Стоящий за текстом рассказа личный опыт Гомолицкого[288] заставил выбрать нарочито невзрачное, «типовое» имя для героя рассказа – Иванов, тогда как указание на то, что он бывший офицер, относило его ко «второму», старшему, чем автор, поколению. Пунктиром введена в текст и тема «чужеземности» – через надпись на конверте «W. P. Iwanow». Автобиографическими валентностями рассказа объясняется странная роль мотива театра, введенного в самом начале. Мотив этот, оборачивающийся неправдоподобно счастливым концом, когда в ответ на «согласен на любую работу – подметать улицы» Иванов узнает в финале о приглашении в драматическую труппу, – создает иронический контраст к основному содержанию сочинения.
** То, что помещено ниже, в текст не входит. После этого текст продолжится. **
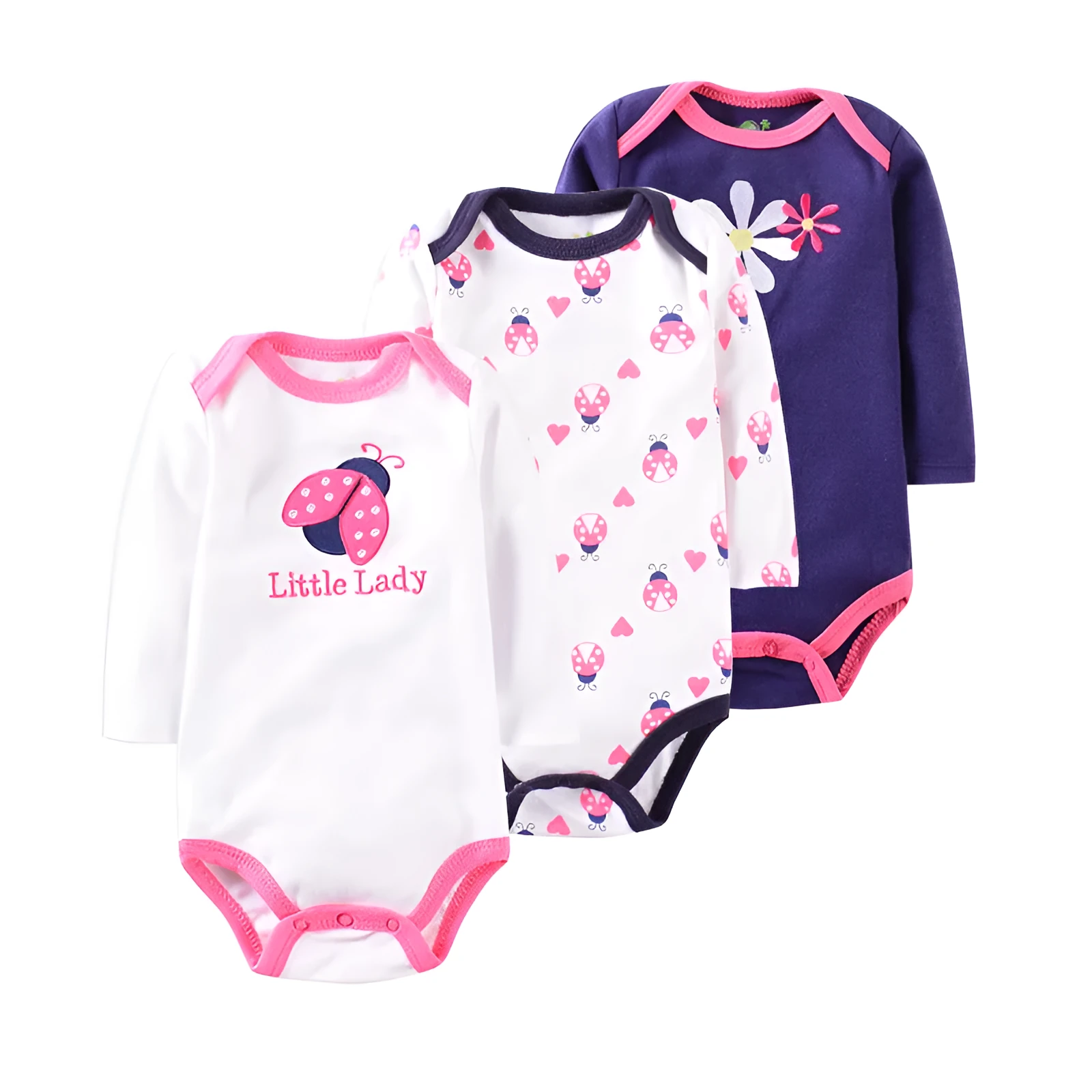 Three-piece baby romper set in 100% cotton, short climb style with concealed buttons, available in pink lipstick, pink elephant, and navy flower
Смысловой центр рассказа находится не в фабуле – нарочито элементарной, – а в различных формах сопоставления повествовательного «я» с голосом персонажа, последовательно обыгрывающих «двойничество» героя и повествователя и «удвоение» каждого из них (при старой у Гомолицкого теме дуализма души и тела). Наряду с «я» повествователя возникает «воображаемое я», наряду с действительным Ивановым в его (повествователя) сознании – Иванов «сослагательного наклонения». Примером может служить вторая главка, где ночь на вокзале и окружающее показаны через «внеличный» внутренний монолог, который с равным основанием можно отнести и к главному персонажу, и к повествователю. В рассказе они то сливаются, то разводятся в стороны. Собственно, об их «ночных встречах» и написан рассказ. Повествовательная структура и даже модуляции фабульного плана подчинены логике развертывания отвлеченных философских понятий, включая понятия «любви» и «ненависти» (поднятые в недавнем споре в Литературном Содружестве о месте «насилия»).